I loved that, and here's why: if the writers had let it go after Starbuck's first line, I'd have groaned. Hardy-har. Starbuck would've been just a cocky jerk with nothing better to do in the lockup than throw blame at someone else.

Instead, I laughed for real, happy not only that Starbuck got called out on her lame joke, but that the writers called themselves out. In doing so, they turned a line that could have been a brick into an exchange that showed some history between the characters and gave Starbuck a likeability that will conflict well with any dumb moves her character will probably make in the future.

In short, the writers owned the cheese in the line, and made it do double -- even triple -- duty for them.

Can you think of a situation where a writer's moves impressed you?

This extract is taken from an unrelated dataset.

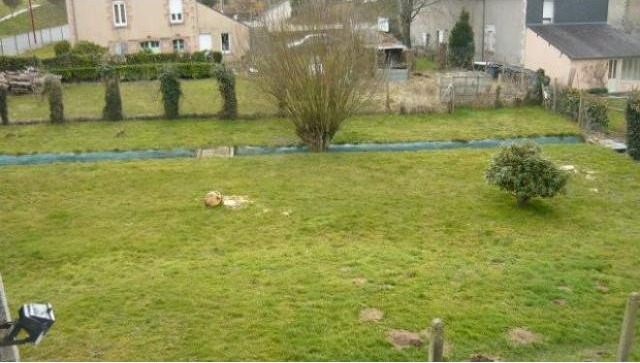Three Properties, Huge Potential - 2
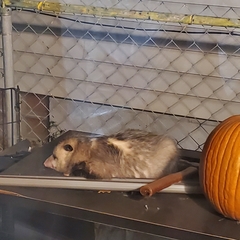 Didelphis virginiana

How did they do it?

3 ate pie:

Anna said...

I looooved BSG! It was such a good show with great writing and acting. And it inspired me to say "frack" and to accuse everyone of being a Cylon - so much fun!

Shaun Hutchinson said...

The new BSG is amazing. You'll love it. Even the much maligned finale was superb. The show took a lot of risks, not all of them paid off, but I have mad respect for the writers.

I think Jane Espenson and Ben Edlund are both brilliant at this type of self-awareness. Espenson was a Buffy writer who also wrote some BSG later in the series, and helmed the spin-off Caprica. She's got a really keen eye for keeping jokes fresh and wringing all the juice out of them. Edlund writes for Supernatural now, but I first discovered him as the writer/creator of the comic book The Tick. He's got a way of taking groan-worthy stuff and making it amazing. He winks at the audience in ways that other writers could only dream of. It's pretty great actually.

nomadshan said...

Anna - so that's where frack came from. :)

Shaun - I used to read Jane Espenson's blog (didn't she announce a couple years ago that she couldn't think of any more advice to give?). I always found her examples insightful.